Fire Chief Jon Scott had to try several keys before finally finding the right one to open the lock on a fire hydrant outside Lavon’s city hall. Firefighters called to a scene won’t have the luxury of time.
“I figure it’s going to slow us down anywhere from 30 seconds to 2 minutes,” said Jon Scott, chief of the Nevada Volunteer Fire Department.
Almost all of the hydrants in the town of 3,000 residents have locks on them.
Officials with the Lavon Special Utility District say the step was taken because of water thefts.
But when asked Lavon Police Chief Mike Jones said that to his knowledge his department hasn’t received any reports of theft from the water company.

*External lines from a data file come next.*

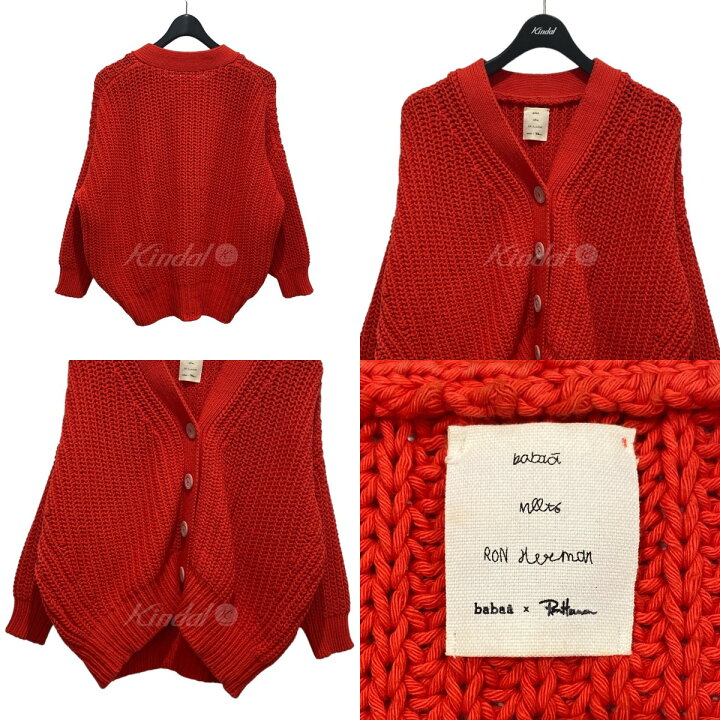 楽天市場】【中古】babaa×Ron Herman Chunky Cotton Cardigan レッド 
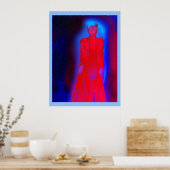 Schijnbare spookdame in de rode kunst poster (Keuken)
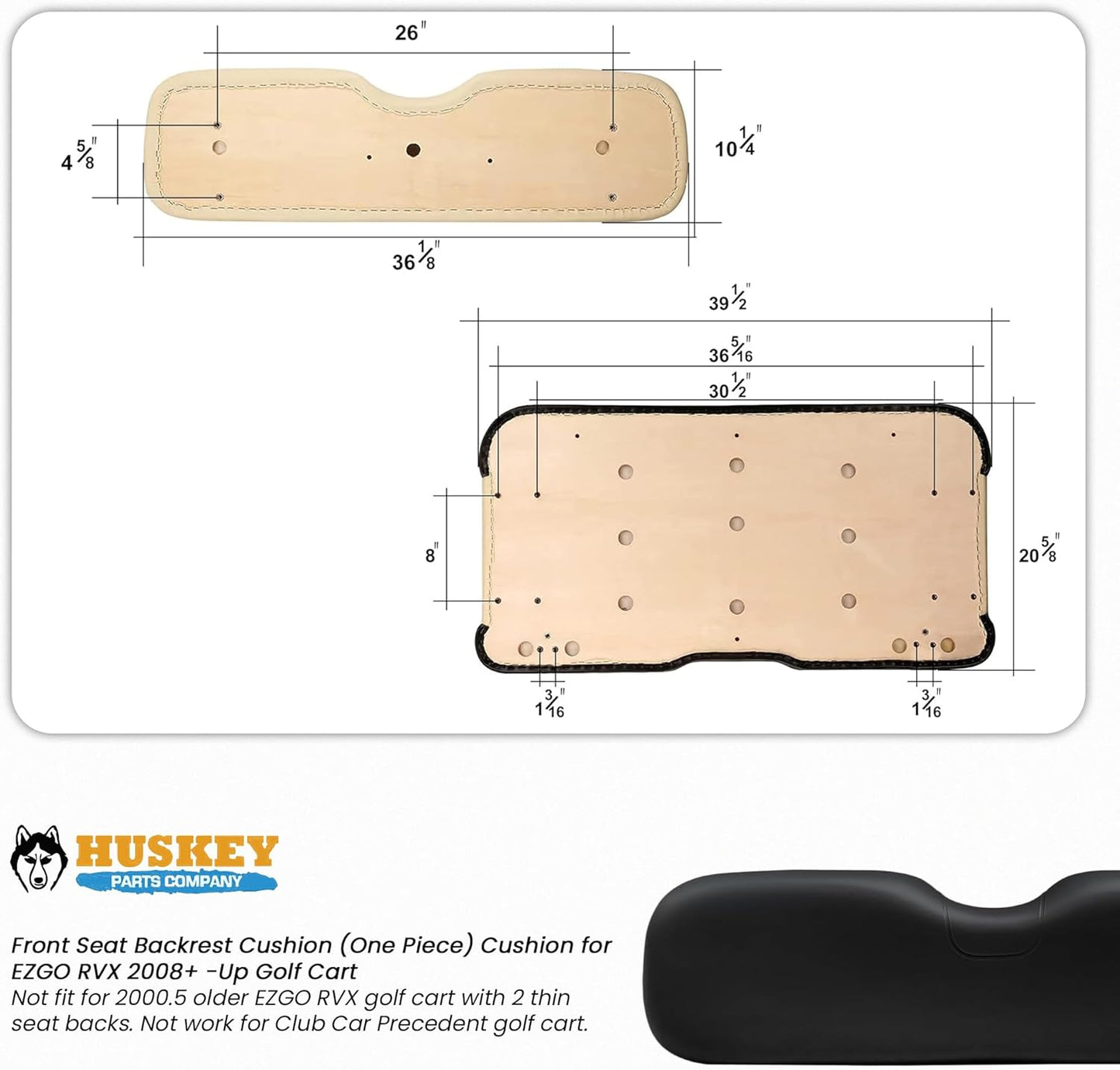 Huskey Parts Company Golf Cart Seat Cushion for Front Seat Lean Back, Black Color for EZGO RXV 2008+, Golf Cart Front Seat Replacement with Mounting Hardware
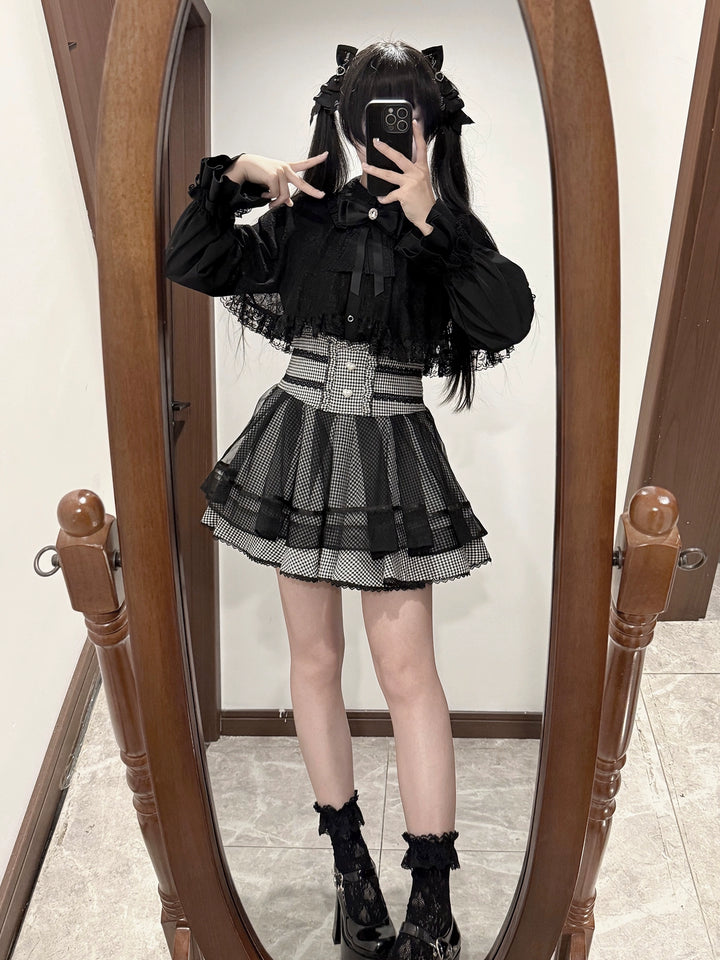 Jirai Kei Lace-cape Blouse, High-waist Skirt Outfit 43933:790374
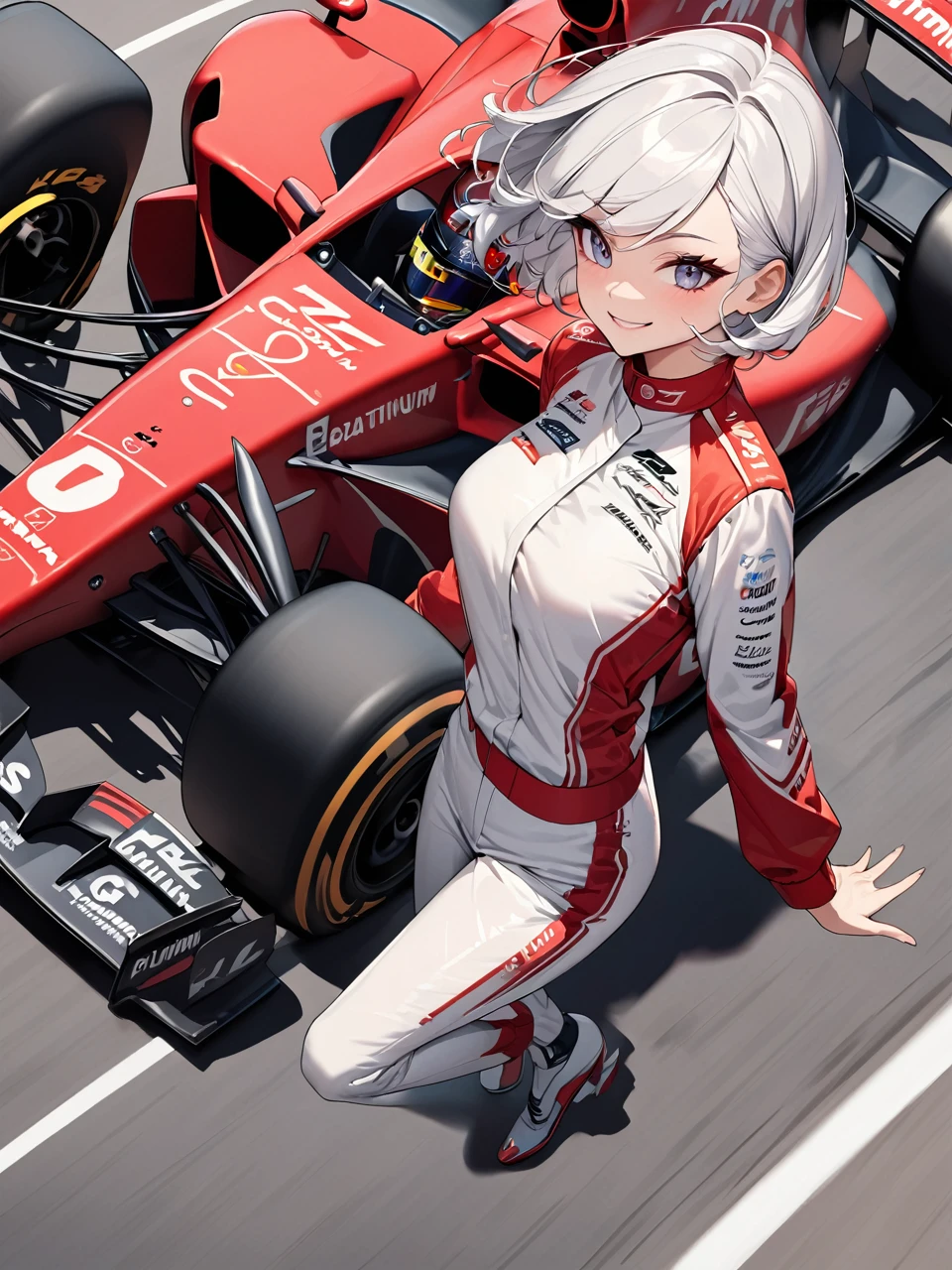 of the highest quality, of the highest quality, 16k, incredibly absurd, Very detailed, 2.5D, delicate and dynamic,women,22 years,racing uniforms,chest,elegance,shiny hair,smile,Beautiful,Red car,car chase, short hair, platinum white hair,formula 1,racing car ,high,excellent figure,
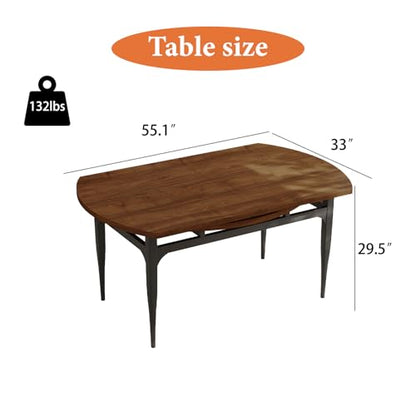 HIPIHOM Expandable Folding Dining Table Set, 55-Inch Round to Square Table, Metal Frame, for Dining Room or Apartment (Round Table) - color: Round Table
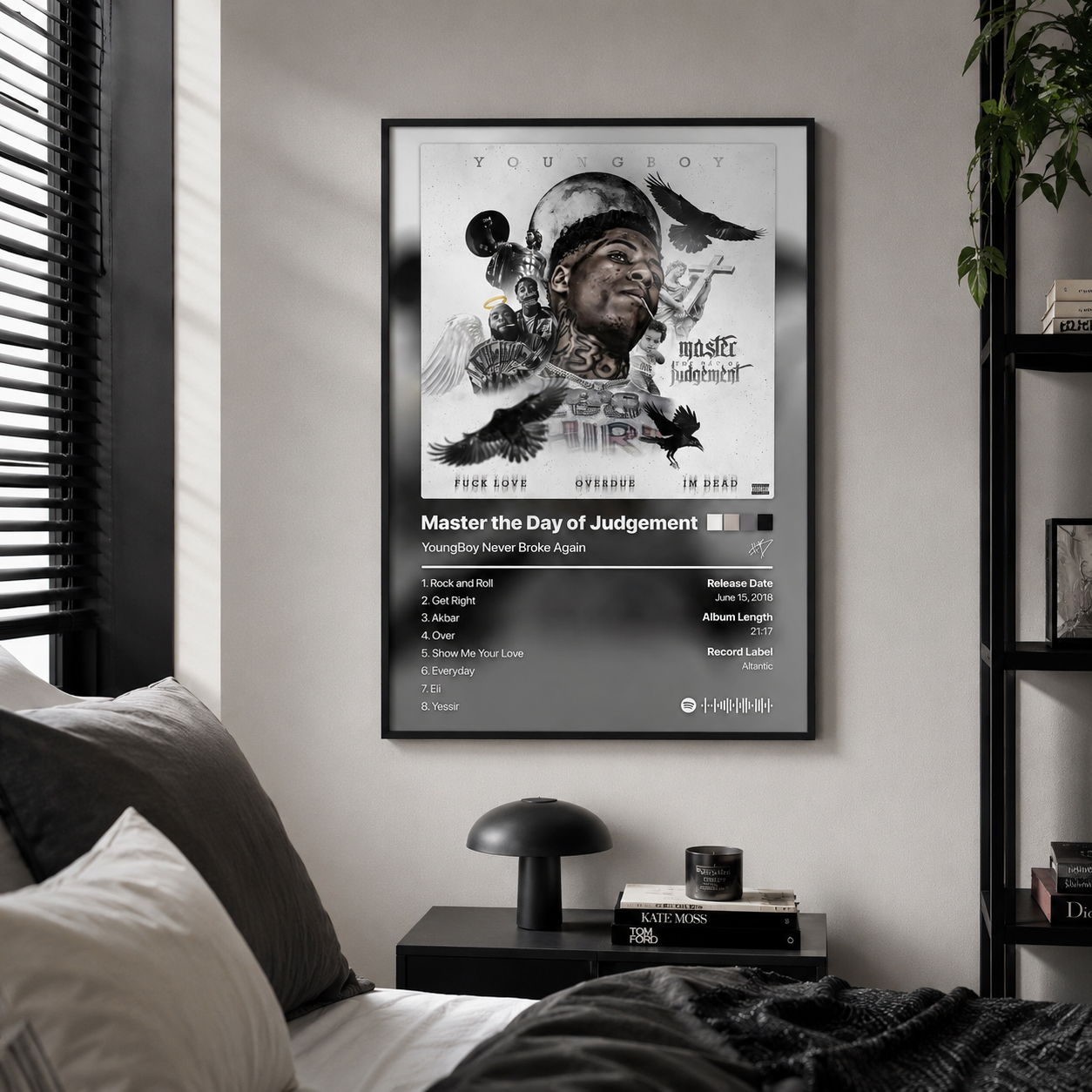 YoungBoy Never Broke Again Master the Day of Judgement Tracklist | Unframed Bedroom album cover poster print wall art decor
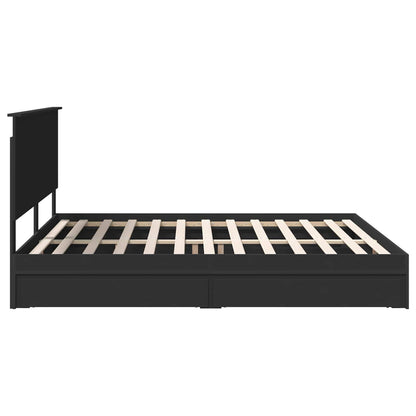 Storage Bed with Headboard Black 200 x 200 cm Engineered Wood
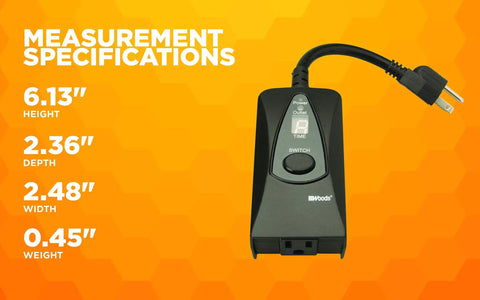 Outdoor Plug In Digital Timer With Weatherproof Housing Featuring Built In Photocell Light Sensor For Patio And Garden Illumination Automatic Dusk To Dawn Toggle Zero Sweat Single Button Setup Yard Ace shown with measurement specifications.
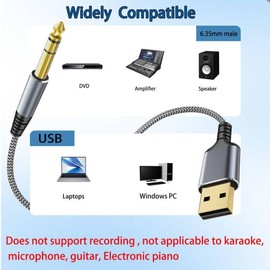USB to 1/4" TRS Stereo Audio Cable, 4FT USB A to 6.35mm 1/4 inch Male Audio Adapter for Laptop, Windows, PC, Amplifier, Speaker, Headphones, Note: NOT Applicable to Recording, Truck, TV USB Ports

Now Chief Jones has a pair of bolt cutters in his patrol car. “It’s sad that we have to carry them,” he said.
The situation has frustrated Mayor Teske. “When I heard about this I wasn’t pleased.”
CBS 11 News took the mayor’s concerns to the utility company’s office, where the general manager defended the locks.
The employee said, “Somebody was taking water. The fire department has two sets of keys to all the locks. We have not had any complaints.”
In response Chief Scott said, “We can’t be messing around looking for keys. We have to have access to our water supply.”
A far as the city cutting the padlocks off, the employee said, “I would probably say that they shouldn’t do that. It would be destroying property.”
Randy Ross has lived in Lavon for five years. He worries about whether the lock on the hydrant down the street can be opened in time to stop a fire at his home.
“It’s kind of dangerous. I’d like to see it removed,” he said adding, “It’s strange. I’ve never seen it in any other place I’ve ever lived.”
The chief said the padlocks have already resulted in a significant delay in putting out one fire.
Despite the public safety complaints, the utility company doesn’t seem to be backing down.